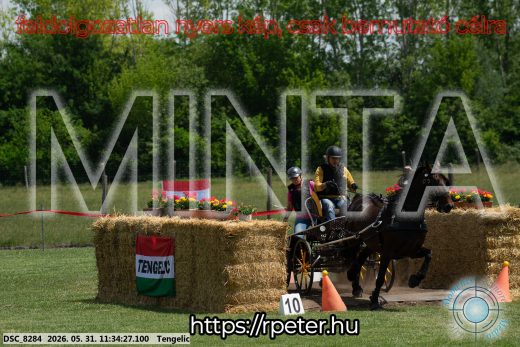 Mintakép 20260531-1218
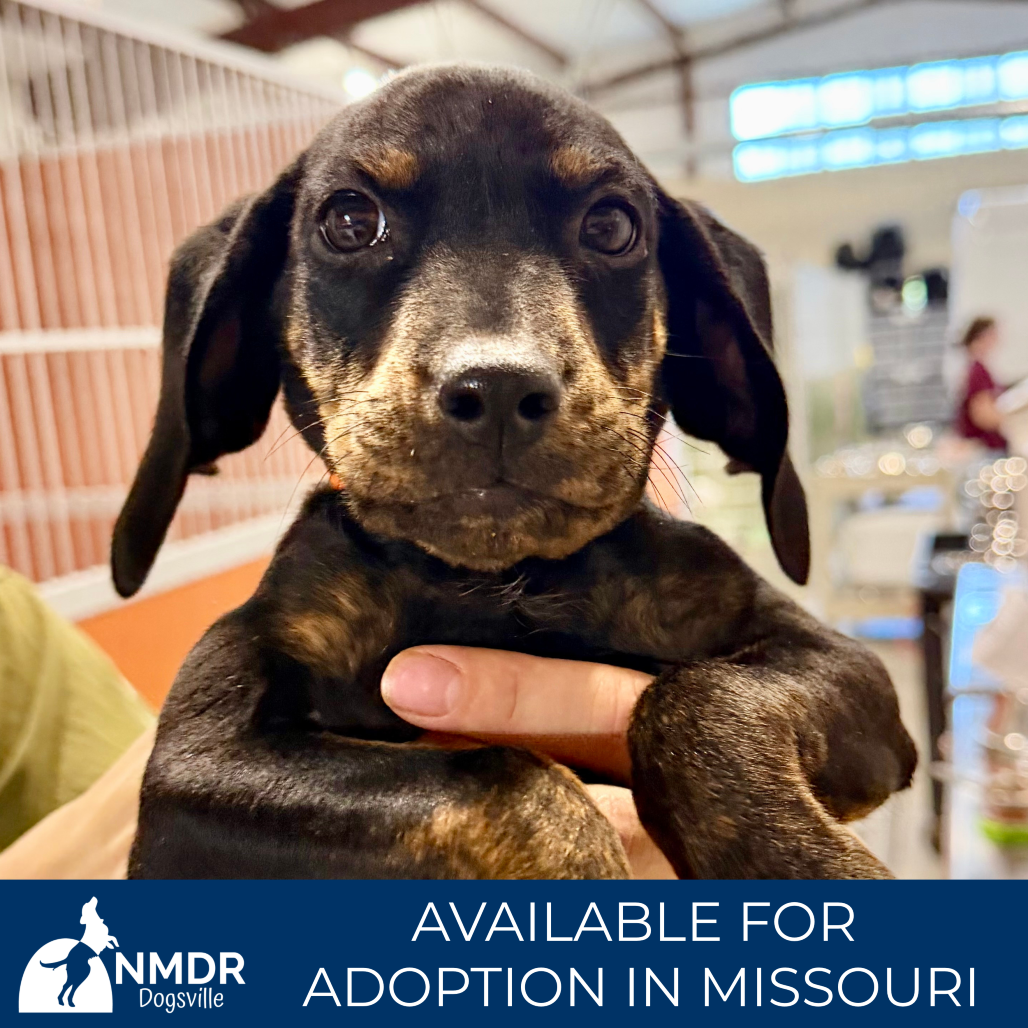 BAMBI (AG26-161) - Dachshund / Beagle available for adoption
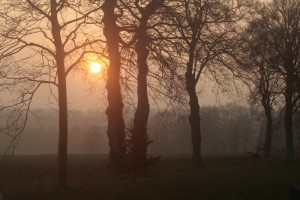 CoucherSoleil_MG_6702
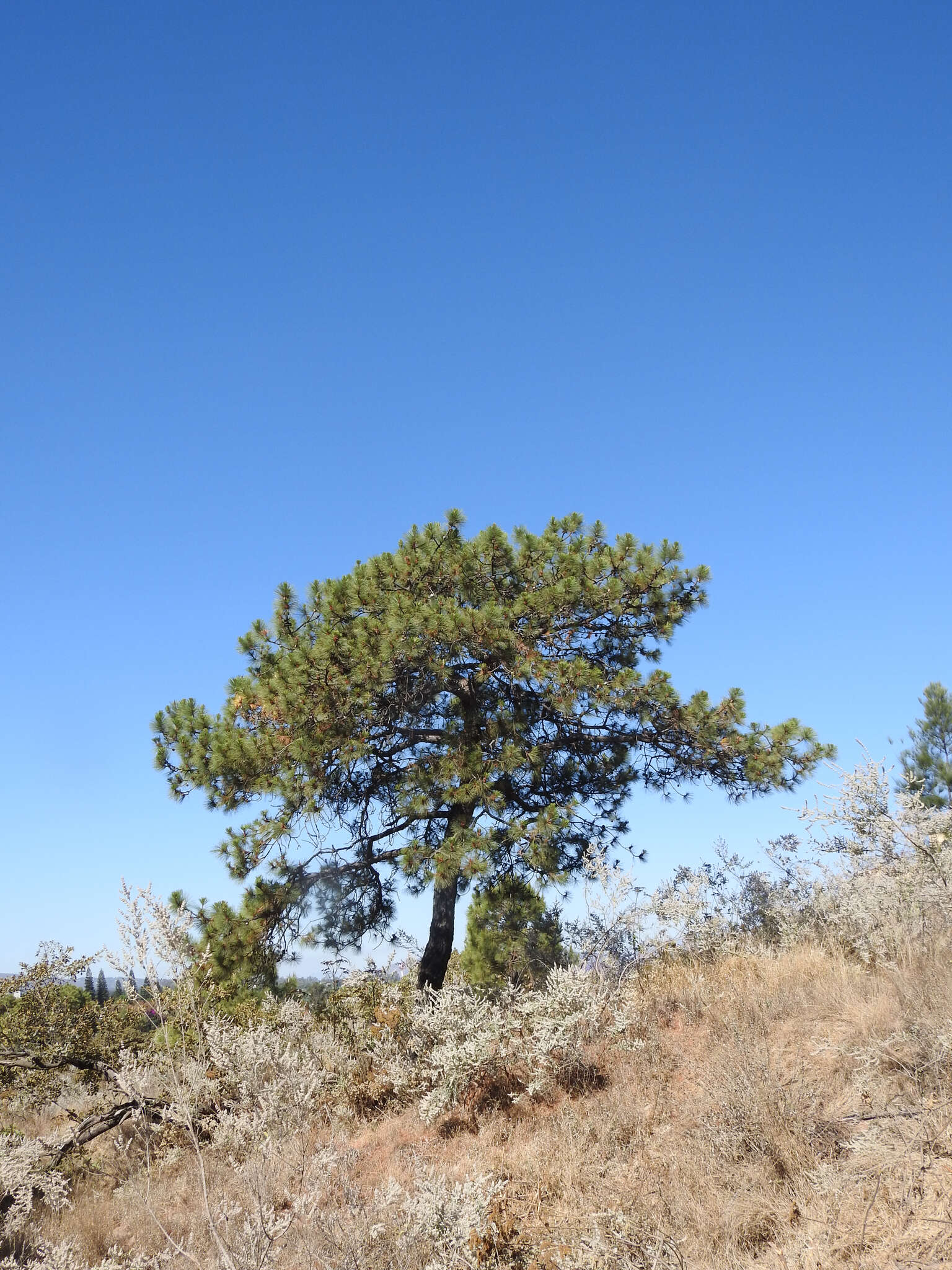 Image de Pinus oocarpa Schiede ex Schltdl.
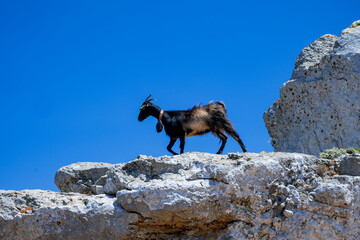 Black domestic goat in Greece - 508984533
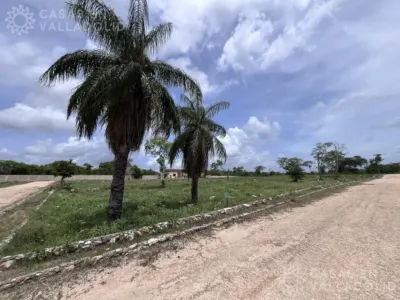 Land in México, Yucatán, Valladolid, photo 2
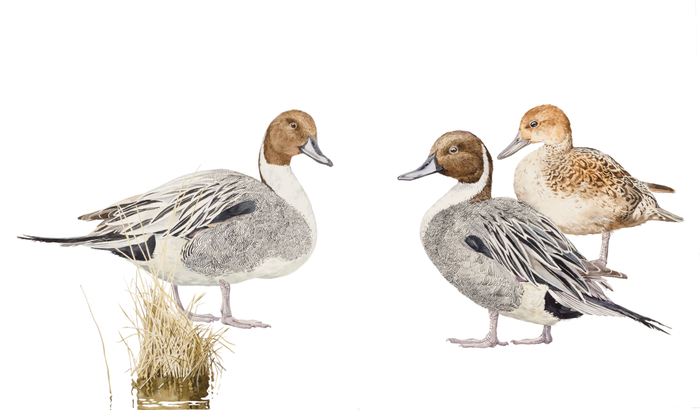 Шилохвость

★ ★ ★

* EXERCISE DETAILS
Each line above is to be copied exactly, and the pictures are to be dropped.

* SOLUTION TO THE EXERCISE
 Mintakép 20260531-1218
 BAMBI (AG26-161) - Dachshund / Beagle available for adoption
 CoucherSoleil_MG_6702
 Image de Pinus oocarpa Schiede ex Schltdl.
 Black domestic goat in Greece - 508984533
 Land in México, Yucatán, Valladolid, photo 2
 Шилохвость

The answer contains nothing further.